Disclosure: The opinions expressed herein are solely those of the author and do not reflect the views of crypto.news’ editorial team.
Institutional investments are finally making their way into the crypto space, starting with Bitcoin (BTC) and Ethereum (ETH) ETFs. The next major opportunity lies in staking, where assets generate yield instead of remaining idle. Institutions seek growth, compliance, and security, making staking an essential strategy now that crypto is incorporated into their capital frameworks.
Summary
- Most validators are still hosted on consumer cloud platforms (AWS, Google Cloud), leading to centralization, outages, inconsistent performance, and compliance gaps—none of which are acceptable for institutional capital.
- Dedicated hardware provides operators with total visibility, control, and auditability; enhances performance and isolation; and ultimately offers better cost-efficiency and compliance for large-scale staking operations.
- As staking becomes fundamental to institutional strategies, only projects with transparent, resilient, enterprise-grade infrastructure—rather than cloud-based solutions—will pass due diligence and attract sustained investments.
The challenge is that most staking infrastructure operates on shared cloud services, designed for Web 2.0 and consumer applications, not for institutional finance. While cloud services suffice for mobile games, they are inadequate when a single minute of downtime can result in substantial financial losses.
The risks of cloud-based staking infrastructure
Current staking is established on fundamentally flawed foundations. Most validator nodes (which secure proof-of-stake blockchains and earn rewards) still rely on major consumer cloud providers like AWS and Google Cloud, as they are “easy” to deploy and familiar to developers.
However, as my grandfather used to say, “The easy way is usually not the right way.” There is an evident challenge with these big tech companies: a single policy change, price adjustment, or outage can disrupt entire networks, incapacitating many validators simultaneously.
Moreover, compliance and control pose additional challenges. Adhering to institutional standards—such as jurisdictional choice, SOC2 for data security, and CCSS for crypto operations—becomes extremely difficult when the physical infrastructure is not under your management. Cloud platforms are designed to obscure these details, suitable for weather apps but problematic when auditors arrive.
This abstraction also shields operators from understanding the performance metrics that matter—latency, redundancy configurations, and hardware health—which are often concealed by the provider, reducing uptime guarantees to mere educated estimates. Additionally, shared infrastructure means inheriting problems from other users.
Consider the history of major outages at AWS, including incidents in November 2020, December 2021, June 2023, and a recent 15-hour outage in October 2025, which affected major banks, airlines, and numerous other companies. In crypto, missed rewards or diminished yields can lead to significant penalties.

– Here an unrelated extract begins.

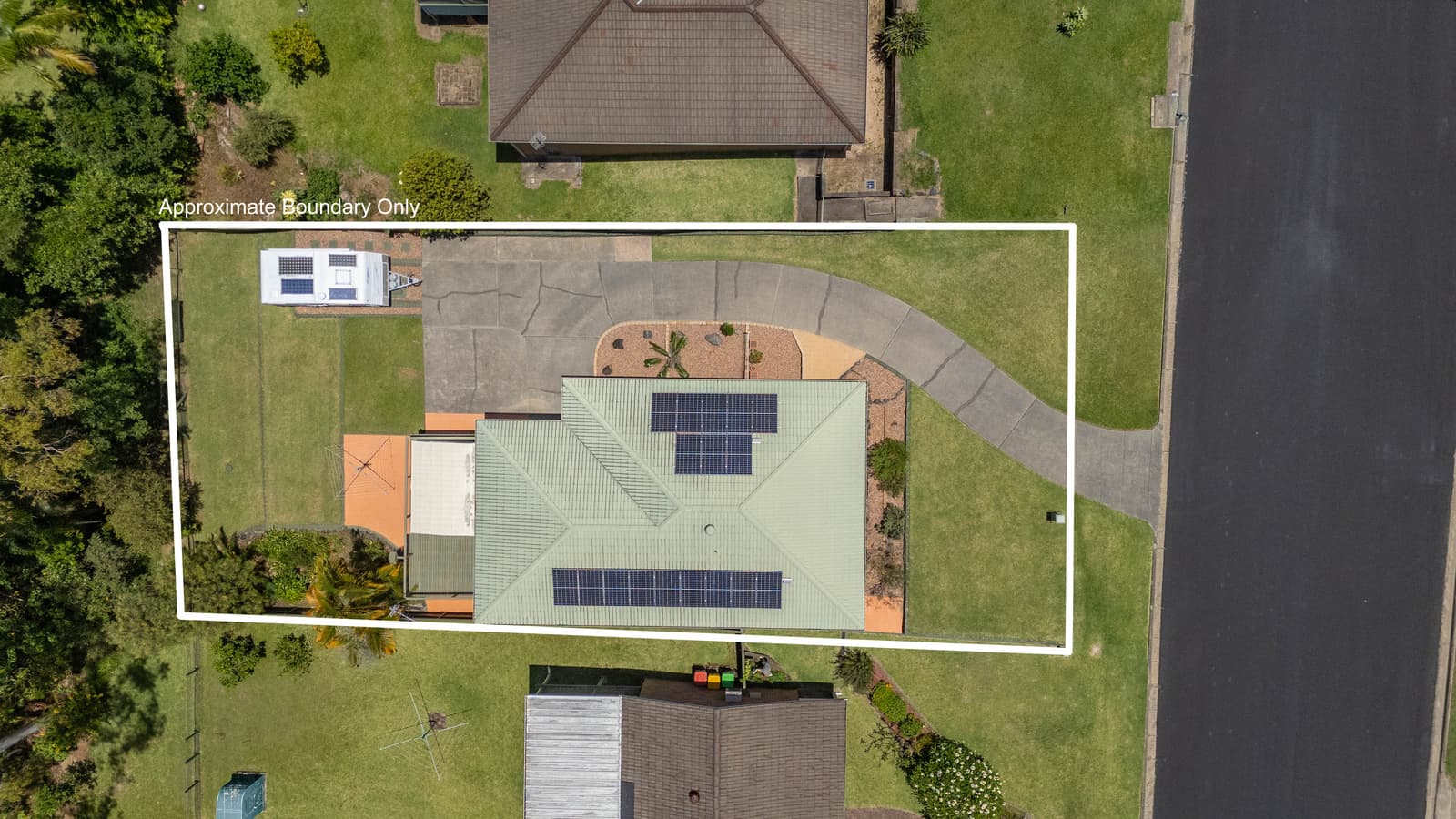123 Combine Street, Coffs Harbour, Coffs Harbour - Thumbnail 8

Why institutions prefer bare metal infrastructure
Institutions rightfully hesitate to trust opaque systems with their capital. They desire visibility and control over these infrastructures, which is why as staking moves to a more institutional focus, bare-metal infrastructure is gaining traction. Operating validators on dedicated machines offers operators complete oversight of performance, enabling real-time visibility without hidden aspects in dashboards or abstraction layers.
On a larger scale, bare metal proves more cost-effective for staking workloads compared to renting portions of general-purpose cloud services. The initial costs can be misleading; what begins as an economical option on AWS can escalate into an expensive production solution. In a dedicated staking ecosystem, the cost per unit of compute and storage decreases, ensuring operational isolation and improved performance.

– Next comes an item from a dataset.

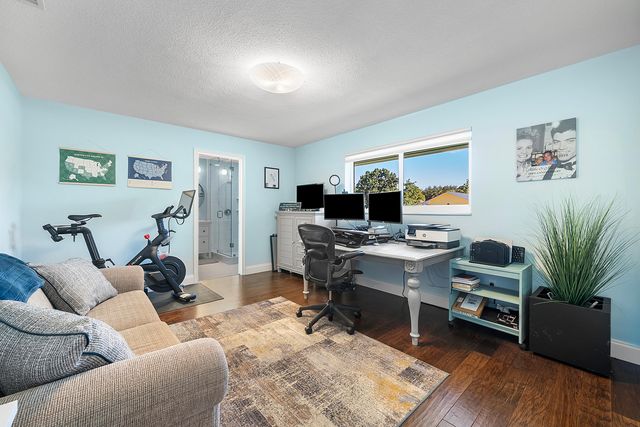 413 S Country Club Drive, Atlantis, FL 33462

Furthermore, in terms of compliance, auditors require clear, documented control over every element of the environment. With bare metal, you can demonstrate where your servers are located, who has physical access, how they are secured, and what redundancy measures are in effect. This results in an infrastructure that not only complies with regulations but also builds trust with counterparties.
Deployments of bare metal in high-tier data centers, featuring physical security and dedicated failover systems, provide the enterprise-grade assurances necessary for staking to form a viable treasury strategy. In the upcoming wave of due diligence, projects that rely on shared cloud infrastructure will face difficulties meeting standards, while those combining physical decentralization with operational transparency will attract substantial capital.
Serious capital demands serious infrastructure
As staking transitions into a legitimate strategy for institutions, the infrastructure behind it will influence who garners trust and who falls behind. While cloud-based systems may have supported crypto’s early stages, they fail to meet the rigorous standards required by serious capital. Institutions are not creating games or NFT platforms; they are managing risk, compliance, and capital movements.
This reshapes the definition of “decentralized.” Simply distributing nodes across various wallets and jurisdictions is insufficient; those nodes need to be reliable, transparent, and resilient. The projects that acknowledge this shift now and prioritize institutional-grade infrastructure will be the ones to reap long-term benefits.